Fig. 3: Diffraction peak widths (FWHM) and intensity as a function of time delay.

a, b The change of FWHM of the (−880) and (880) Bragg peaks measured along the [110]* and [−110]* directions. c, d The change of ǀΔQǀ along the [100]^* and [010]^* directions for (−1−20) (c) and (2−10) (d). e Bragg peaks (gray circles) and superlattice peaks induced by the MnO₆ octahedral tilt/Jahn–Teller distortion (pink, O peak) and La displacements (blue, La peak). f Intensity evolution of the Bragg peaks, O peaks and La peaks on a long timescale. The indices in (e) and (f) are (6 6 0), (1 2 0), and (3 5 0) for the Bragg peak, La peak and oxygen peak, respectively. (e) and (f) solid lines represent the exponential fits discussed in the main text.
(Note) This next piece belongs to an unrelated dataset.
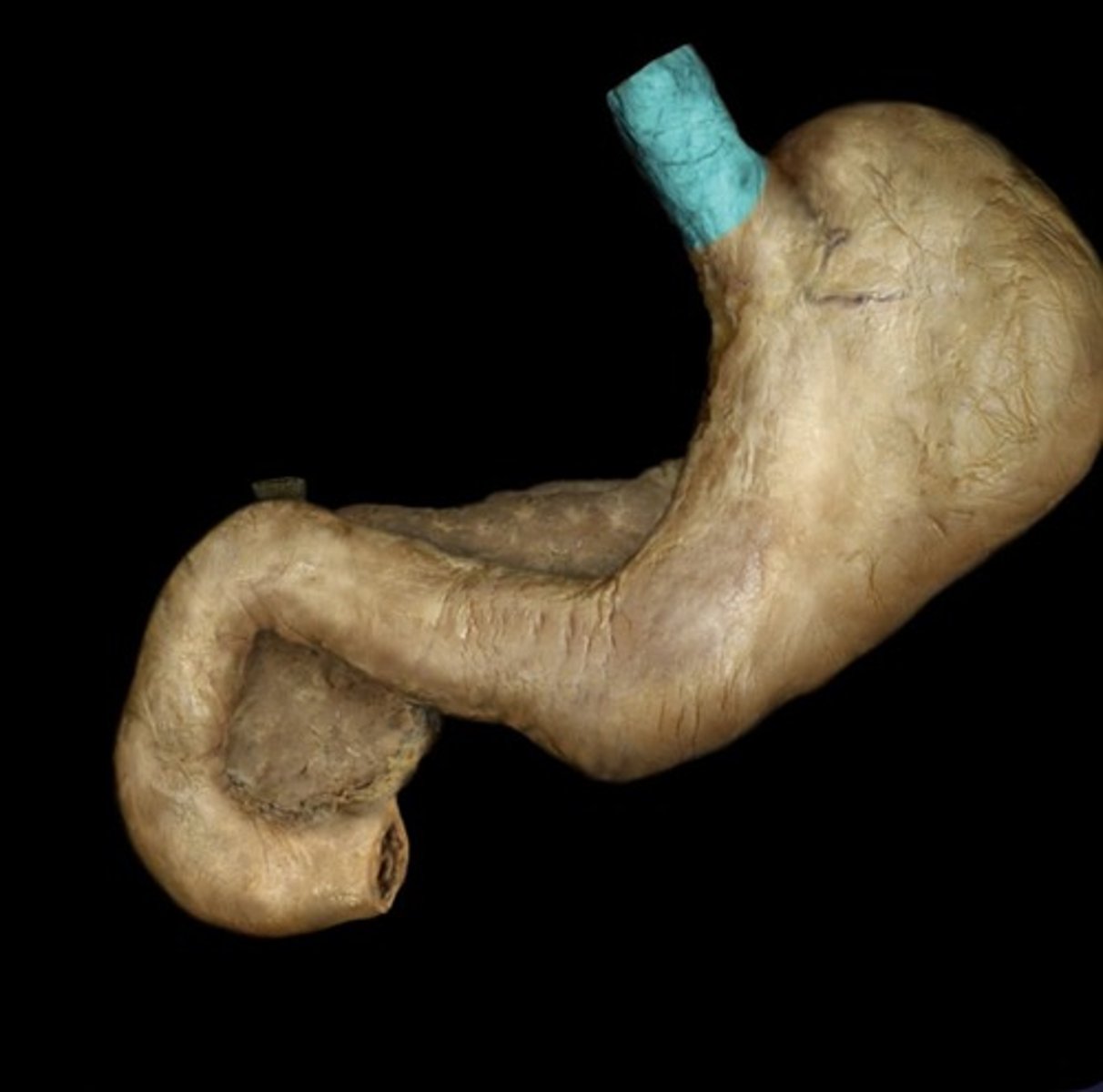 knowt flashcard image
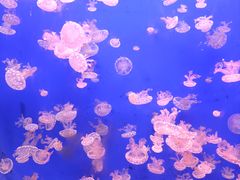 -江和美海洋公园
To reveal the detailed time dependence of the structure transition that leads to diffraction changes in Fig. 2, we further analyze the integrated diffraction intensities of the oxygen peak, the La peak and the Bragg peak as a function of time delay. Figure 3e, f shows the transient intensity changes of the La peak, the oxygen peak, and the Bragg peak. In the small time window (0–2 ps) shown in Fig. 3e, it can be seen that the oxygen and La peak intensities both decrease with time, being consistent with a gradual evolution from the orthorhombic to the cubic structure. To quantify the timescale of the diffraction dynamics, we fit the normalized intensity using following Eq. (1) to account for a fast-process and a slow process³⁹.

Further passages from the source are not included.